### [TASK ITEM]
Retype word for word the stretch of entries below from the line that has "Main image John Deere 7410" through the line that has "Capri Shorts i", and omit the pictures.

### [RECORD SET]
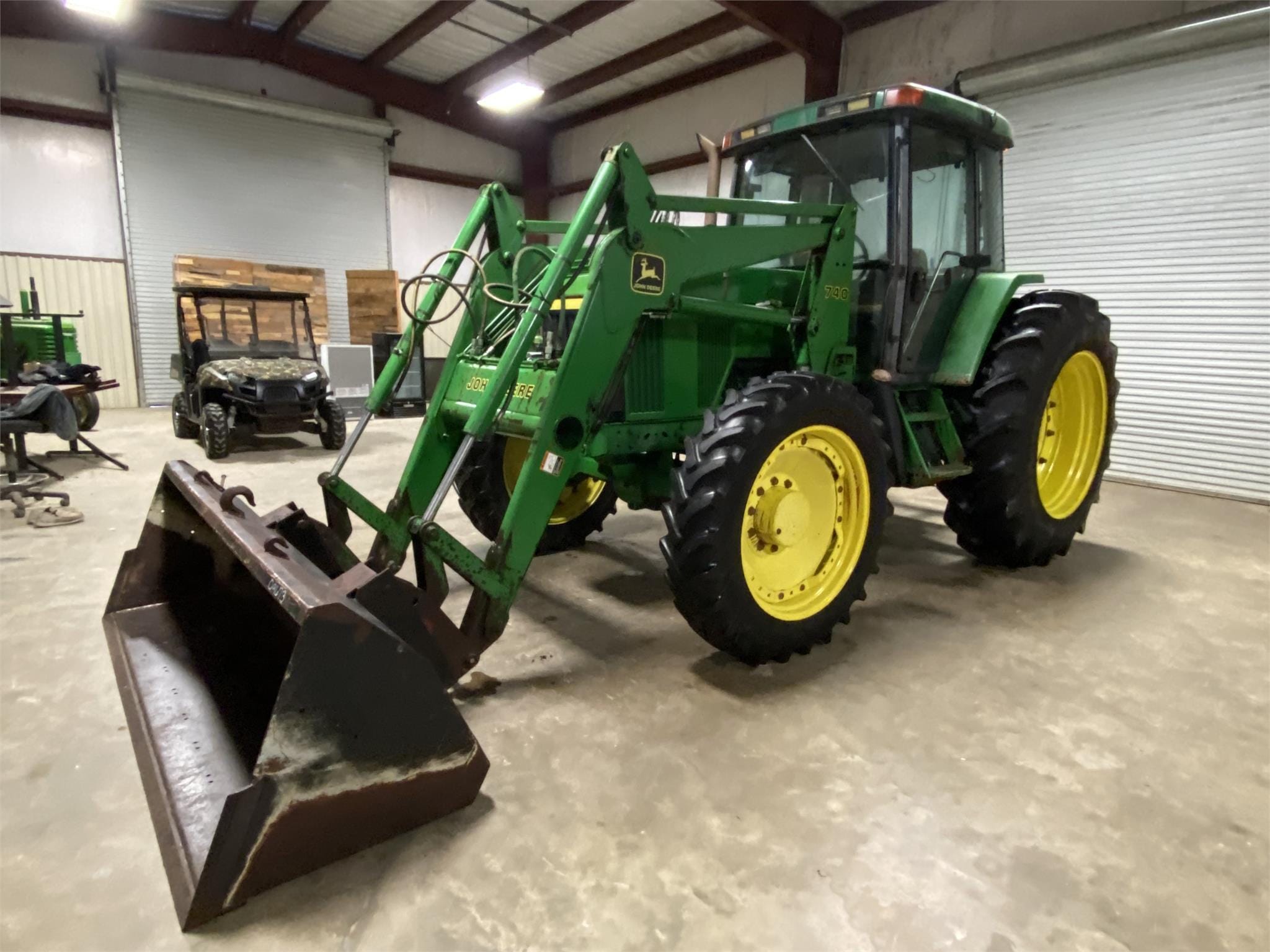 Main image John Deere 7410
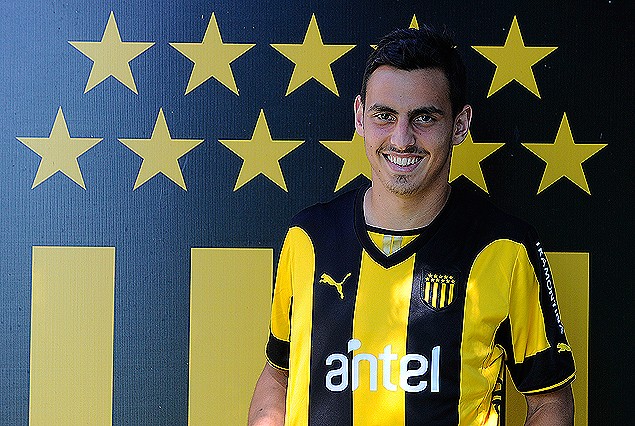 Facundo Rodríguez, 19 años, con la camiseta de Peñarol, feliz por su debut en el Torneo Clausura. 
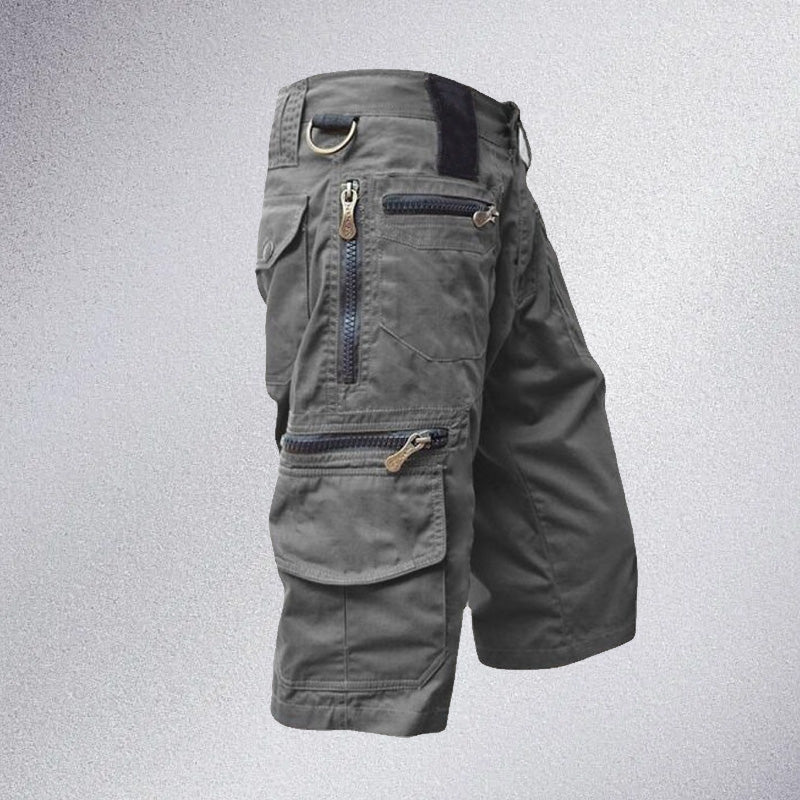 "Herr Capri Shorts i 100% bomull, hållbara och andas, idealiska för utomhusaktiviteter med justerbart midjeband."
--
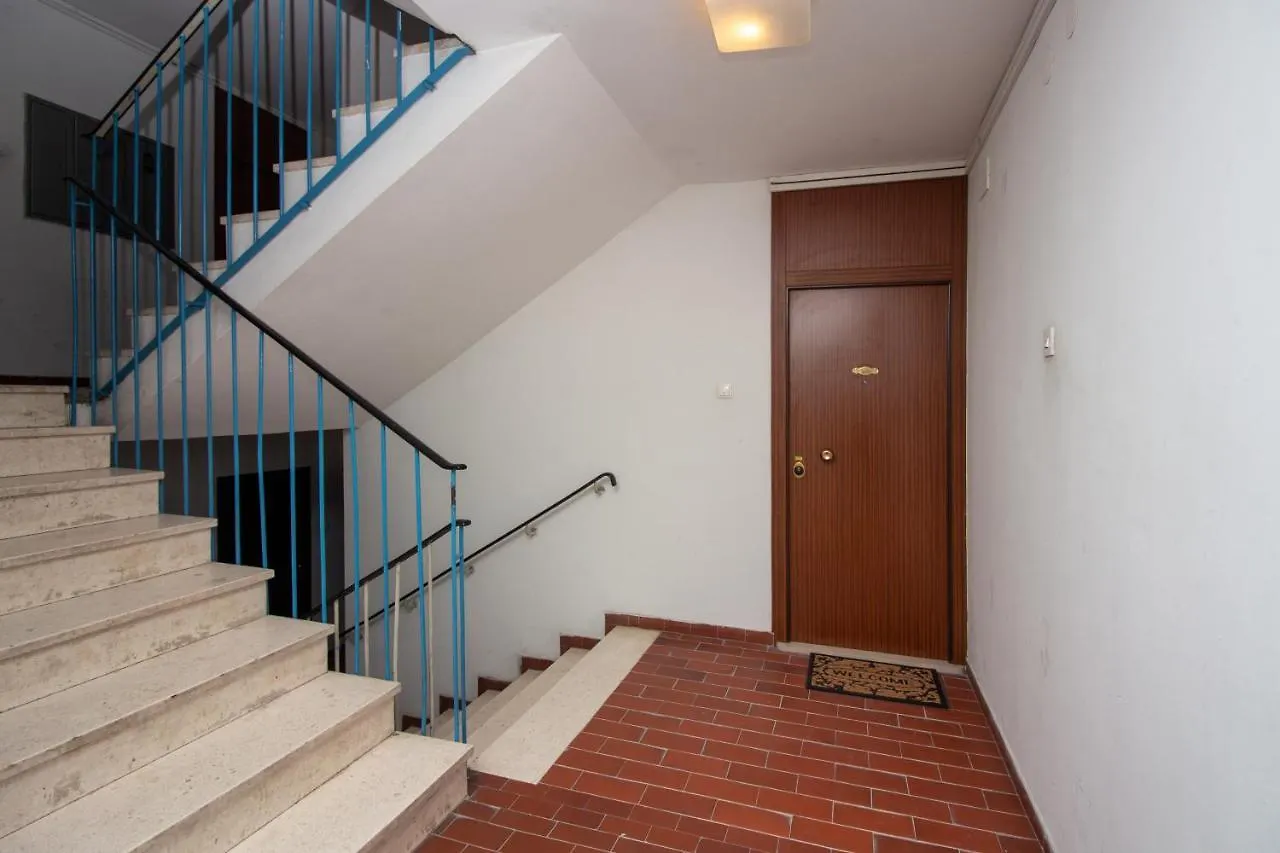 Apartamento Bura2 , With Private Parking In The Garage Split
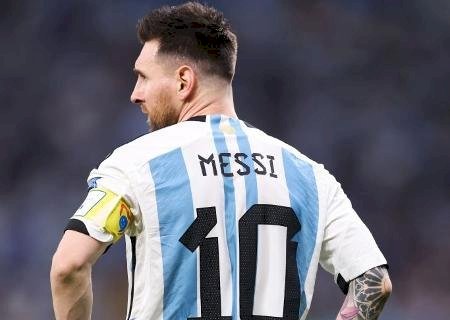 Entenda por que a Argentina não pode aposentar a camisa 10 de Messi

### [RESULT OF THE EXERCISE]
 Main image John Deere 7410
 Facundo Rodríguez, 19 años, con la camiseta de Peñarol, feliz por su debut en el Torneo Clausura. 
 "Herr Capri Shorts i 100% bomull, hållbara och andas, idealiska för utomhusaktiviteter med justerbart midjeband."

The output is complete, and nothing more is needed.